Available data
——————
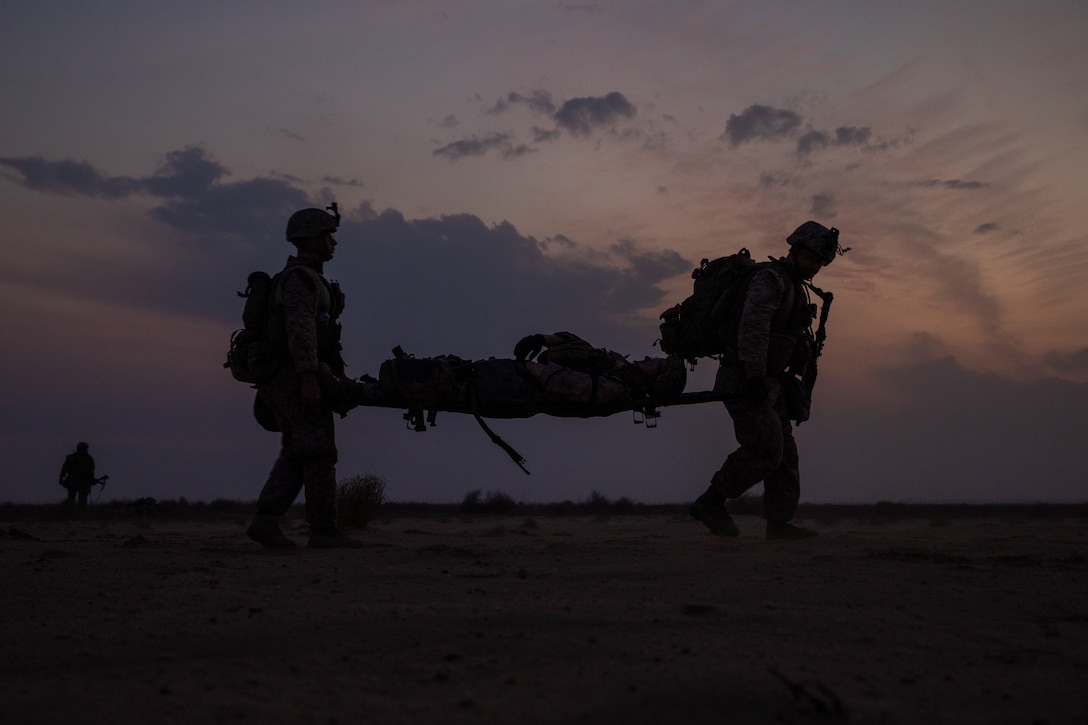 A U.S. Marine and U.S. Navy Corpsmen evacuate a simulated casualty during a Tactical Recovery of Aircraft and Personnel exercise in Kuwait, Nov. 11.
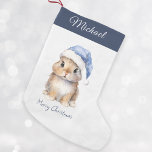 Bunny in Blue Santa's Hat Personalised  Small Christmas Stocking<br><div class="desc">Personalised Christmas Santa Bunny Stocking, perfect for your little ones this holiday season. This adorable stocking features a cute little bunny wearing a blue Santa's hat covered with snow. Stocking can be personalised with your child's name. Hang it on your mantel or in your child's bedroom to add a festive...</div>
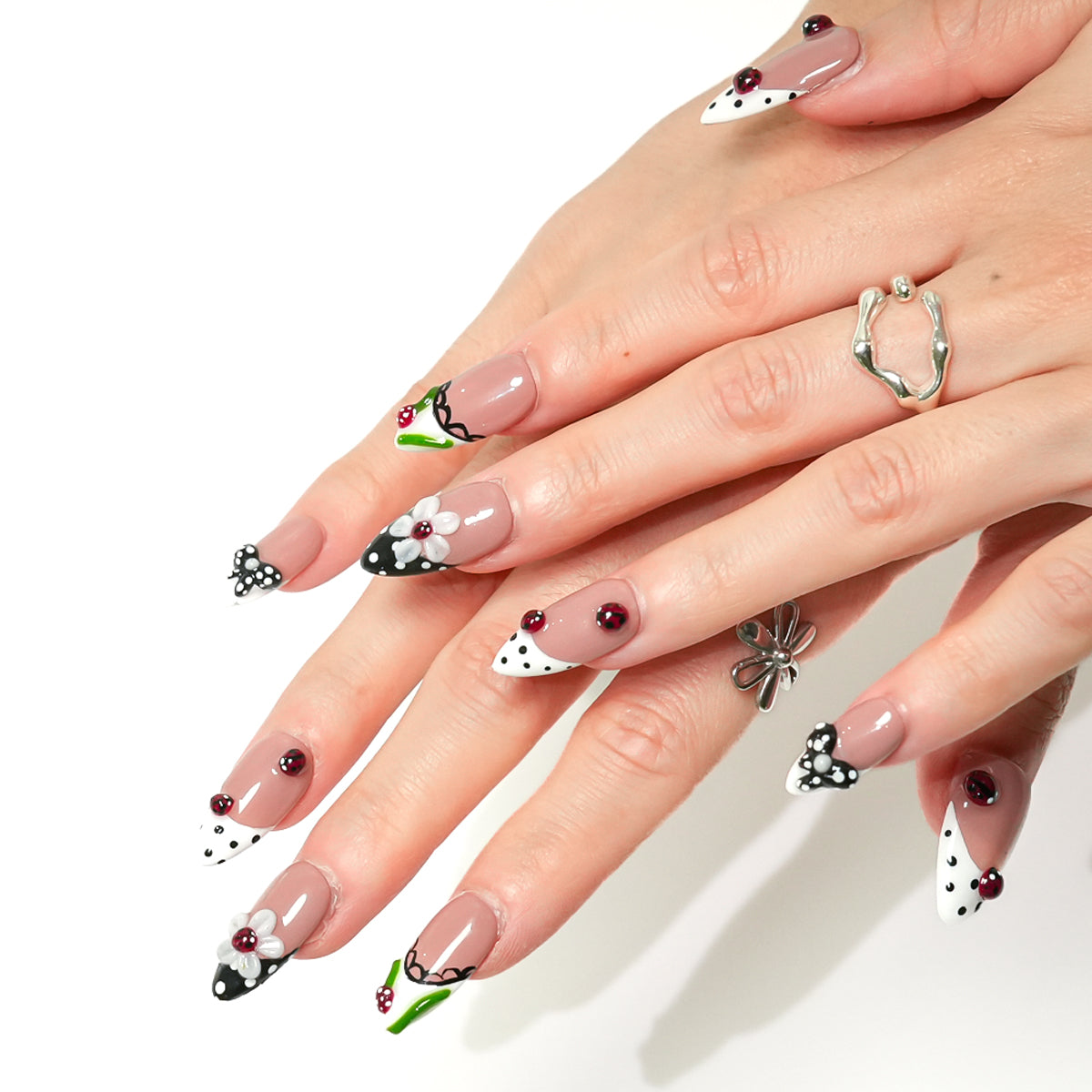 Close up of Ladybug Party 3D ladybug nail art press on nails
——————
Activity
Put each line of the listing above into the copy exactly, dropping the pictures.

Your response
 A U.S. Marine and U.S. Navy Corpsmen evacuate a simulated casualty during a Tactical Recovery of Aircraft and Personnel exercise in Kuwait, Nov. 11.
 Bunny in Blue Santa's Hat Personalised  Small Christmas Stocking<br><div class="desc">Personalised Christmas Santa Bunny Stocking, perfect for your little ones this holiday season. This adorable stocking features a cute little bunny wearing a blue Santa's hat covered with snow. Stocking can be personalised with your child's name. Hang it on your mantel or in your child's bedroom to add a festive...</div>
 Close up of Ladybug Party 3D ladybug nail art press on nails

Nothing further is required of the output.